If Elephanted, it might take ten years. The rate we're going now, with no Elephant, it'll take till Doomsday. And without Elephant-like structure, no body of knowledge and lore concrete enough to be called a dictionary can emerge. The Wiki certainly can't generate it.

The reason it would take till Doomsday would apply both with and without an Elephant. The Elephant will speed nothing up, and hopefully would slow nothing down except insofar as people enjoying the debate too much might not do as much as they could otherwise in coming up with the examples I've asked for. The real delay in dictionary publication has been a lack of lojbab's time and a lack of money to pay for publication even when it is done. The cmavo have presented a further problem in that most everyone is dissatisfied with the "definitions" that comprise the cmavo list, and no one had any good ideas how to write useful definitions for them ((John Cowan at one point thought the task impossible and favored using the cmavo list as it is for baseline purposes, and I was close to conceding this.). But I think that Nick has shown that problem solvable, provided that we have the examples. Without the examples, there is a considerable risk that the existing cmavo list with all its failing will become the sole baseline standard. --lojbab

The Elephant can incorporate votes; and the way I at least see it, usage examples would be a database/stock independent of positions --- so positions can say "Usage 3 is dumb-assed", "Usage 5 is spot on", and so forth. But while it'd be largely open to the community (noone's preventing anyone from posting a position, as long as it's well-formed), it still needs a Clerk to tidy up, wrap up, and generally take editorial responsiblity. Which is ultimately not the same model as the Wiki. (And that's A-OK by me.)

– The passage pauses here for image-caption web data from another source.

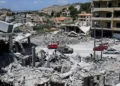Israel defies America, continues attacks on Lebanon despite ceasefire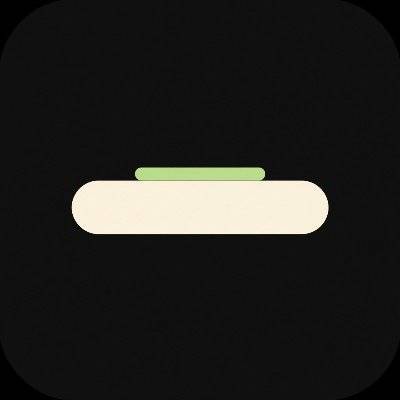 FLATPAD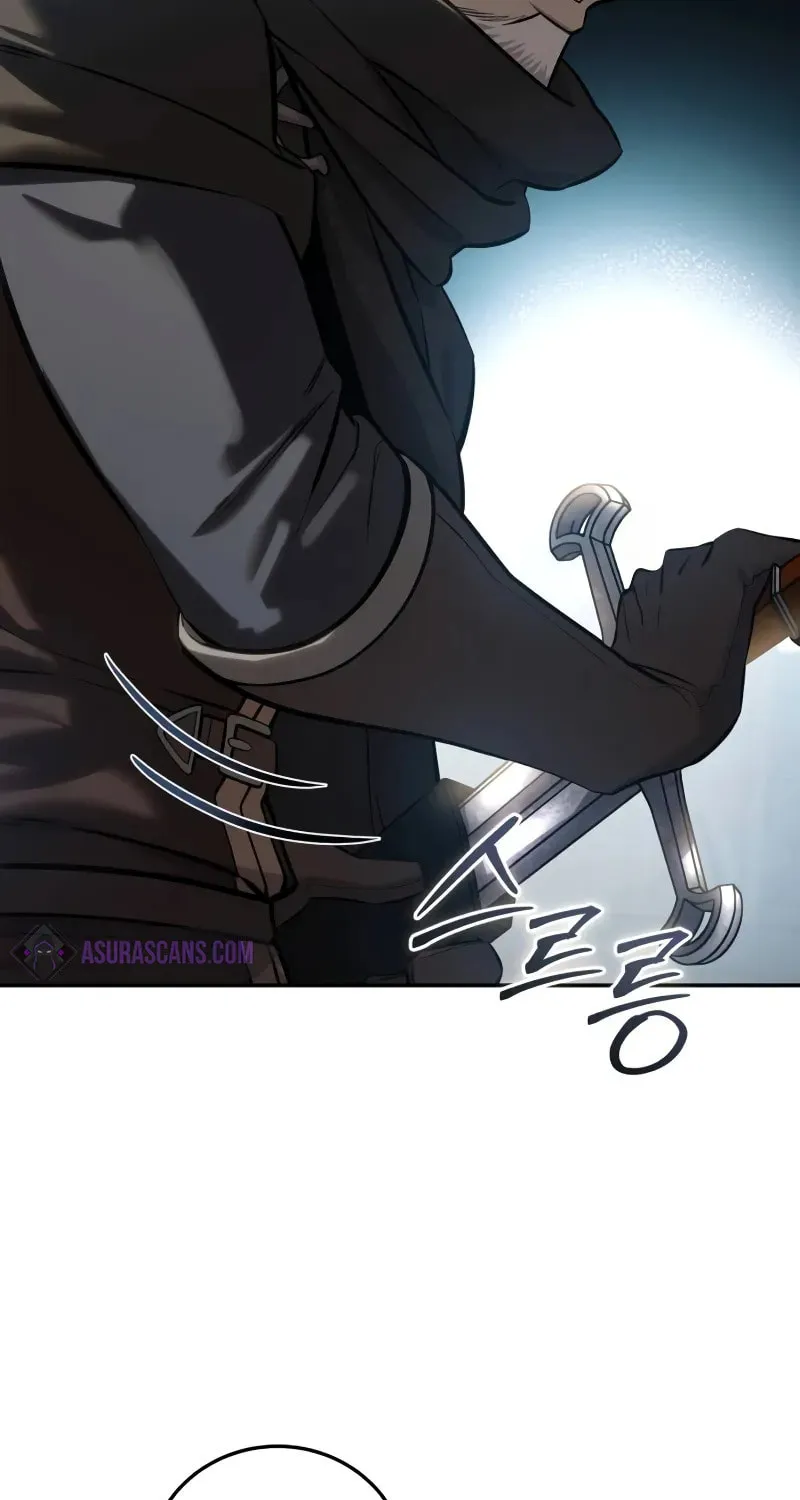 Star-Embracing Swordmaster Chapter 60 page 14 - 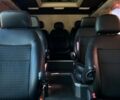 Білий Форд Транзит, об'ємом двигуна 2.2 л та пробігом 572 тис. км за 16750 $, фото 20 на Automoto.ua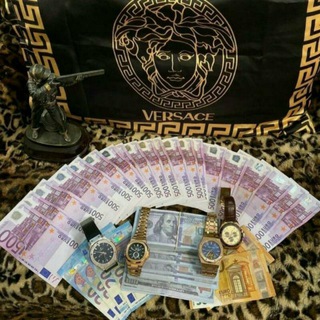 Логотип @varavskoy_music_hd - ꧁☣️✰varavskoy muzik✰☣️꧂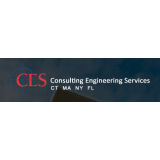 Consulting Engineering Services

  • What is the difference between the role of this Clerk, and the role of the Cabal in the above alternative? The Cabal has the option to limit itself to a role of no more than minimal Clerking, just as the Clerk has the option to dictatorially act as a one-prenu Cabal. -- lojbab
    • No essential difference. The difference is in the mechanisms by which power is negotiated, and the sense of accountability not in the fact that there is exercised power in the first place. -- nitcion

Why isn't this Wiki-ish? Lots of little comments followed by an occasional editor actually seems like a pretty common Wiki pattern! See MoreAboutHousekeeping on the original Wiki, for example.

  • Unique editor, editorial responsibility, enforced rather than voluntary tidying up, strict structure of entries. These may appear commonly in Wikis, but they aren't mandatory --- and aren't exemplified all that much here...

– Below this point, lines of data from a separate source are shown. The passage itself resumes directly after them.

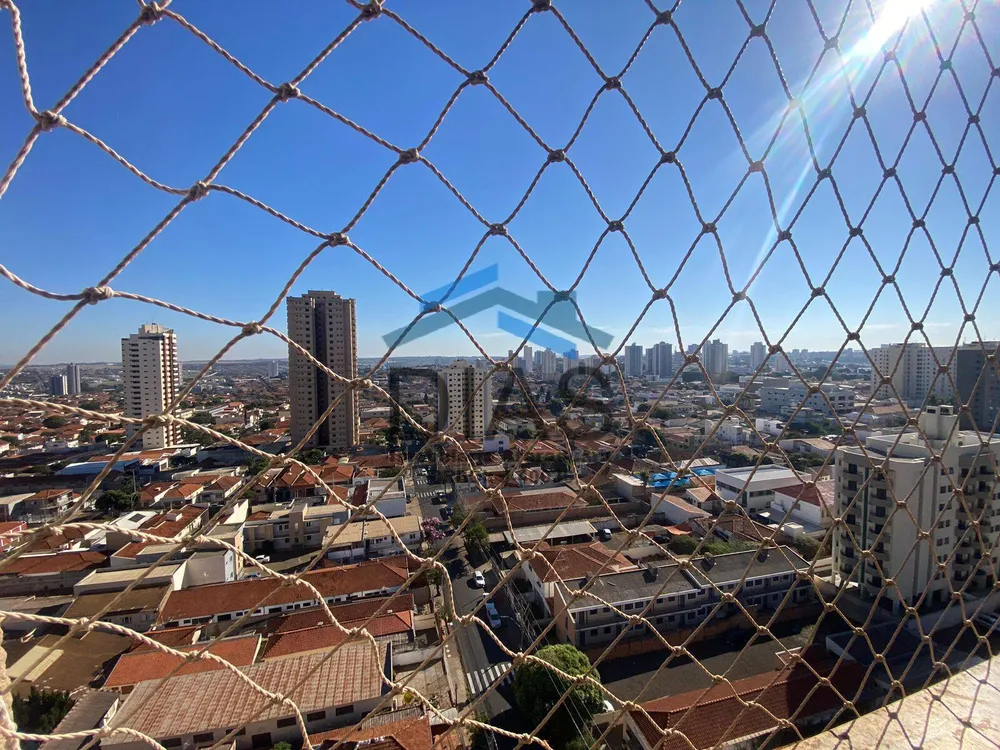 Apartamento, 2 quartos, 127 m² - Foto 12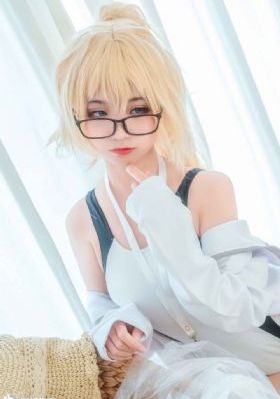 左手上篮全集免费观看_720免费观看超清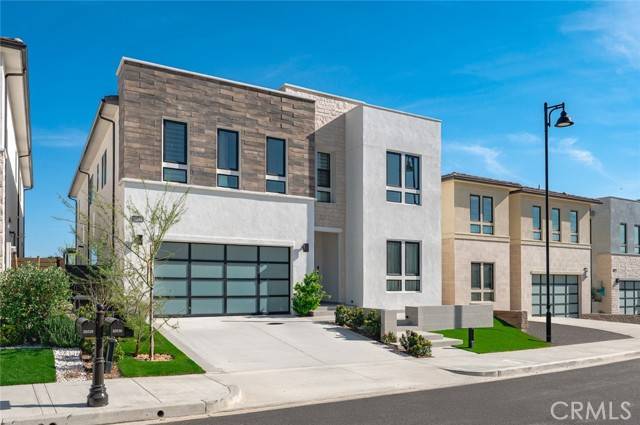 Porter Ranch (los Angeles), CA 91326,20526 W Overlook Court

The bottom line, I suppose, is no longer "Do you want a dictionary for yourself?" (a lot of you clearly don't), but "Do you think a dictionary should not be written by anyone at all?"

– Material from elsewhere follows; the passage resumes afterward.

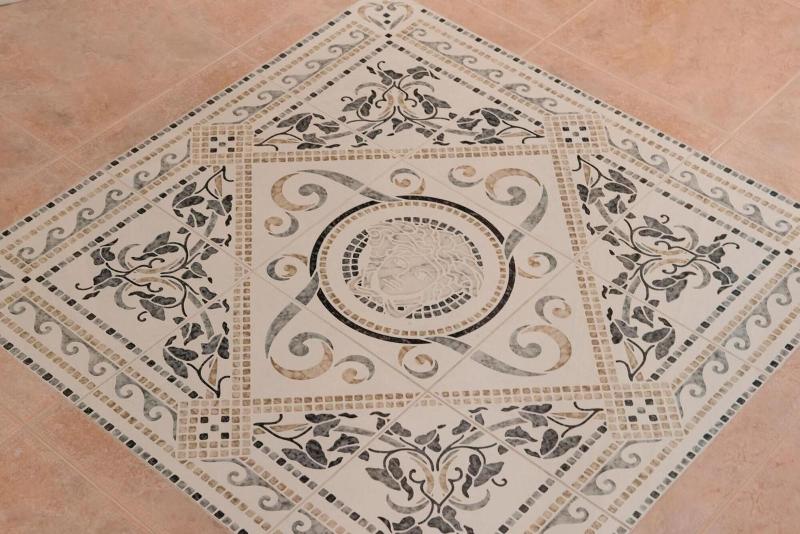 San Bartolomeo Suite image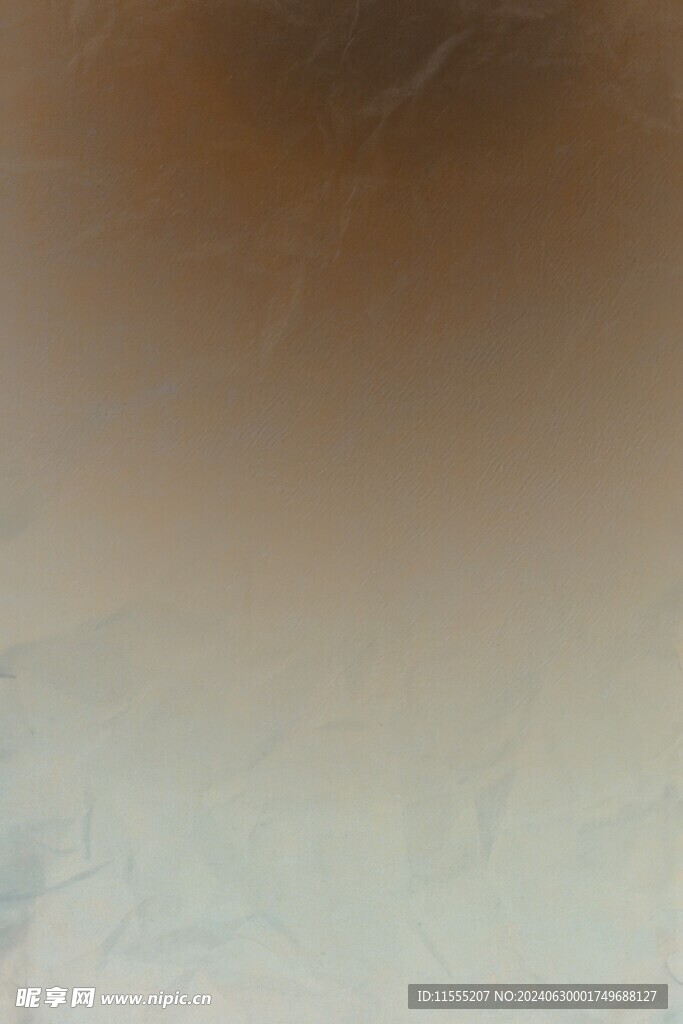 多色混凝土墙背景纹理花纹素材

  • Regardless of the will of the participants in this forum, who are by nature computer literate and even computer-oriented, or they would not be here, the bulk of the potential Lojban community will never read a Wiki or an Elephant. The standard for literate languagehood has for a couple hundred years been a dictionary of some kind. Lojban won't really "exist" for many people, until we can hand them a volume labelled "Dictionary" on the cover. One of the first things many new people ask is "where can I get a dictionary?", and the biggest excuse people have had historically for not learning the language has been "There is no dictionary yet". They don't want to make up lujvo, nor to choose amongst grammatical controversies. They want simple answers, and they want those answers to be unchanging (hence the baseline). (Once they learn the language of course, they tend to lean more towards one of the various axes that have been described - see hardliners.) --lojbab
    • Your assessment that most Lojbanists will not be computer literate and will never see an Elephant is, I think, 20 years out of date, and unrealistic. -- nitcion
      • I consider myself computer-literate, but I still do not even understand the idea of an elephant, and am unlikely to read it until I have some idea what it is. Elephant has only been described in terms that make it seem like you must not only be computer-literate but also well-read. Perhaps someone could clarify the elephant page? - mi'e. .kreig.daniyl. (PS: will the elephant be from Betelgeuse?)
        • The non-flame response is, wait and see. I had a huge flame response here, instead of which, I respectfully suggest you reread the top half of the page, whch is quite clear (a forum like the wiki, but with strict tree-like structure); and if you object to people using words like Ankh and Ankus in the bottom half of the page, which is clearly delimited as a digression, kindly keep it to yourself. You know what they say about not being part of the solution... -- nitcion
          • I was dissapointed upon purchasing The Complete Lojban Language to discover it contained no reference dictionary to gismu and cmavo. I bought it in order to learn Lojban, but you can't learn the vocabulary if you don't have it. I am learning Lojban vocabulary from a database of 2,000 flashcards containing no lujvo whatsoever, and I consider that database to be the dictionary I sought. Why not? It should be published in pamphlet form with the word "Basic Learning Dictionary" on the cover. Then later when (or if) you folks work out the lujvo, publish a Lujvo Dictionary. And this strictness is coming from someone who has been an enthusiast for six years; the man on the street would laugh in our faces if we say we can't give him any dictionary at all because we don't have the whole thing yet. Why the all-or-nothing approach? -- Eppcott (Matt Arnold)

As for the Dictionarists' time and burnout, well frankly, that's the Dictionarists' business, and the Dictionarists' call; noone's forcing anyone to be a Dictionarist, but noone should be discouraging anyone either (at least until they find out for themselves how hard it is.) It can be argued (and I'm not doing this to single him out or denigrate him; quite the contrary) that time and burnout is what happened to John with the refgrammar. Does that mean he should not have gone ahead with it?

  • Remembering that I became active in Loglan intending to serve as Dictionarist back in 1985, and am still interested in the job 16 years later, though I too have suffered periods of burnout, I am not likely to become discouraged about the need and the possibility of producing a good dictionary. I am more concerned with making it small enough to print, while at the same time having been distressed because I did not know how to define cmavo without examples (and coming up with ad hoc examples has always been my biggest weakness in teaching the language). -- lojbab

At any rate, let's not second-guess the Elephant's structure until we see it lumbering into action... -- nitcion

If Elephant is good, it's good at providing a structure for these debates. It's not a dictionary database, and it shouldn't be; that's asking too much of one app. So it should probably be its own structure (which Jay is building?) with links to appropriate Elephant discussions. --xod

Indeed. Look at jbovlaste before you say that Elephant is the only way to do it. My current pause in jbovlaste development is to take into consideration the recent growth in Wiki usage, and now to also consider how Elephant might interoperate. It looks as though I might simply provide a mechanism for jbovlaste to point to an Elephant argument or arguments which are relevent to the word in discussion. --Jay

. *shrug* By all means, you and John should be (and presumably are) talking. I still think that cmavo definitions are a rather different kettle of fish than lujvo definitions, but nothing intelligent can be said until both mechanisms are up and running. -- nitcion.